D Home | January/February 2020
Take a Tour of Jan Showers’ Elegant Estate in Hillsboro
BY RHONDA REINHART
PHOTOGRAPHY BY NATHAN SCHRODER, PORTAIT BY ELIZABETH LAVIN
Growing up in Hillsboro, Texas, Jan Showers always admired the three-story Colonial Revival that sat just down the street from her childhood home. With its lush tree canopy, stately facade, and classic interiors, it’s easy to see why the 1938 stunner designed by Dallas architecture firm Goodwin & Tatum enamored the future interior designer. “It’s a beautiful piece of property,” she says of the 3-acre estate. “I would come here because we were friends of the family, and I always thought it was a lovely home.”
After high school, Showers moved to Fort Worth for college at Texas Christian University, then to Austin, where her husband, Jim, attended law school at the University of Texas. She never forgot about that Hillsboro house, though, and when Jim announced that he wanted to practice law in her hometown after graduation, she had an announcement of her own: “I said, ‘Well, I only want to go back there if I can live in [that] house.’”
Unfortunately, the property wasn’t for sale, but the couple moved to Hillsboro in the late 1960s anyway and set up house on the same street where Showers grew up and where the home of her dreams sat just out of reach. In 1970, however, the real estate gods looked kindly upon the young couple. “Jim and I went on a trip to Europe, and when we got back, the house was for sale,” says Showers. “We were very lucky to get it, and we’ve lived in it ever since.”

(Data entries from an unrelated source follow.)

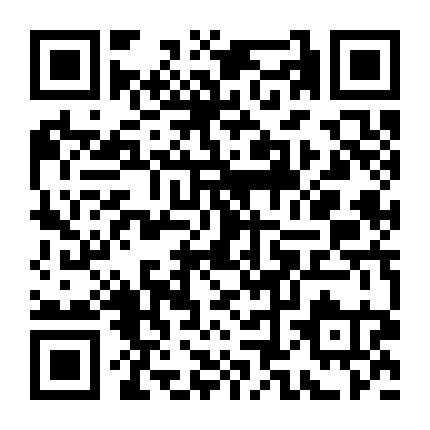 河北阳光之美教育 微信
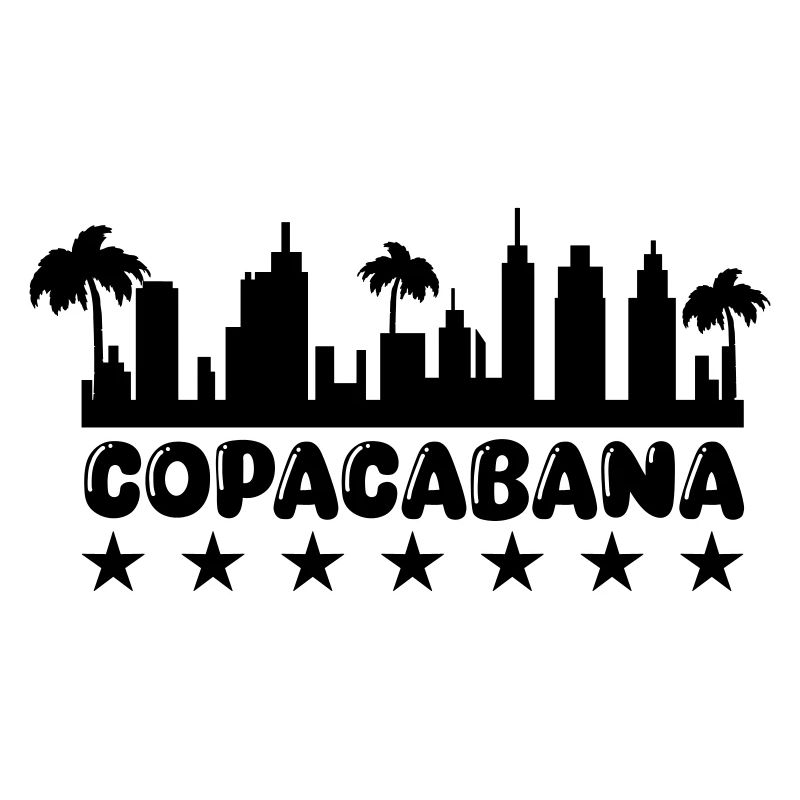 copacabana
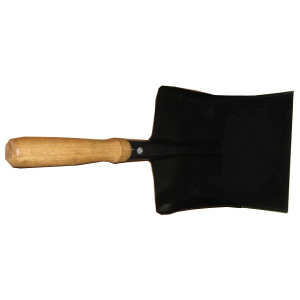 Shovel Coal Pan Gw18139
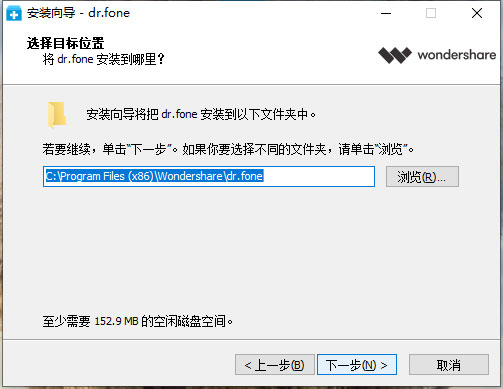 202210300519408143010003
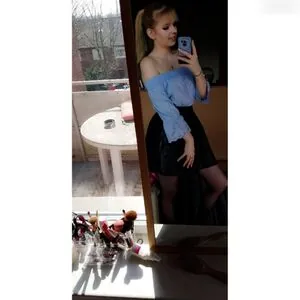 sasii_me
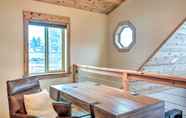 Lainnya 6 Waterfront Lake Pend Oreille Vacation Rental!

Although Showers wouldn’t start designing professionally until 1977—and wouldn’t design her first furniture and lighting collection until 1999—by 1970, she’d been helping friends decorate their houses for years, and she relished the opportunity to tackle her own home. “We entertained all the time in those days,” she says. “I wanted the house to look like a comfortable home that you’d love to come to.” Other than painting the walls, redoing the floors, and restoring and modernizing the kitchen, Showers left the interiors mostly as they’d been since 1938. Outside, she added a large terrace, a swimming pool, and a tennis court. “The architects knew what they were doing,” she says. “We have never done anything to this house that was not cosmetic.”